The yellow boxes below his Lordship's name, shows the period during which the title: "Lord Falconer of Halkerton" was owned. (click picture to enlarge)

1. Sir Alexander Falconer, 1st Lord Falconer of Halkerton (1595–1671)
2. Alexander Falconer, 2nd Lord Falconer of Halkerton (1620–1684)
3. David Falconer, 3rd Lord Falconer of Halkerton (1668–1724)
4. David Falconer, 4th Lord Falconer of Halkerton (1681—1751), grandson of the brother of the first lord, married Lady Katharine Margaret Keith (daughter of William Keith, 2nd Earl of Kintore)
5. Alexander Falconer, 5th Lord Falconer of Halkerton (1707–1762)

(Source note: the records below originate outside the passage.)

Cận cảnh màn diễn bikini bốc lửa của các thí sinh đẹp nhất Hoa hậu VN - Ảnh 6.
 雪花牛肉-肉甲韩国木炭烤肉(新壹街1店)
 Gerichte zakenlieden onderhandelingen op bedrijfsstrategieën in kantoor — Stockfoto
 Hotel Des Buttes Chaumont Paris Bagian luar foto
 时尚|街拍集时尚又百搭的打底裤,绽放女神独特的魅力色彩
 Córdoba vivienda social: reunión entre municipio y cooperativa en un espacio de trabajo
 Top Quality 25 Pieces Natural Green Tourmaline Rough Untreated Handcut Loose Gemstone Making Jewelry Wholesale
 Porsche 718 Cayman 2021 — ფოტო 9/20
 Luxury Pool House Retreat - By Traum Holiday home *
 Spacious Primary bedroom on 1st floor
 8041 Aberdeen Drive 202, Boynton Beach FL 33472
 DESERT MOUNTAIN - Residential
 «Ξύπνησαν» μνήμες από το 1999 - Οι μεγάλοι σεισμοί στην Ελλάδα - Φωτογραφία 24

6. William Falconer, 6th Lord Falconer of Halkerton (1712–1776), succeeded his brother Alexander Falconer, who died childless
7. Anthony Adrian Keith-Falconer, 7th Lord Falconer of Halkerton (1742–1804), Earl of Kintore, became 5th Earl of Kintore in 1778
8. William Keith-Falconer, 8th Lord Falconer of Halkerton (1766–1812), 6th Earl of Kintore
9. Anthony Adrian Keith-Falconer, 9th Lord Falconer of Halkerton (1794–1844), 7th Earl of Kintore
10. Francis Alexander Keith-Falconer, 10th Lord Falconer of Halkerton (1828–1880), 8th Earl of Kintore
11. Algernon Hawkins Thomand Keith-Falconer, 11th Lord Falconer of Halkerton (1852–1930), 9th Earl of Kintore
12. Arthur George Keith-Falconer, 12th Lord Falconer of Halkerton (1879–1966), 10th Earl of Kintore.

With the death of Arthur George Keith-Falconer, 12th Lord of Halkerton, the title "Lord Falconer of Halkerton" became dormant.
This means that an heir is believed to be alive, but it is uncertain who the heir is.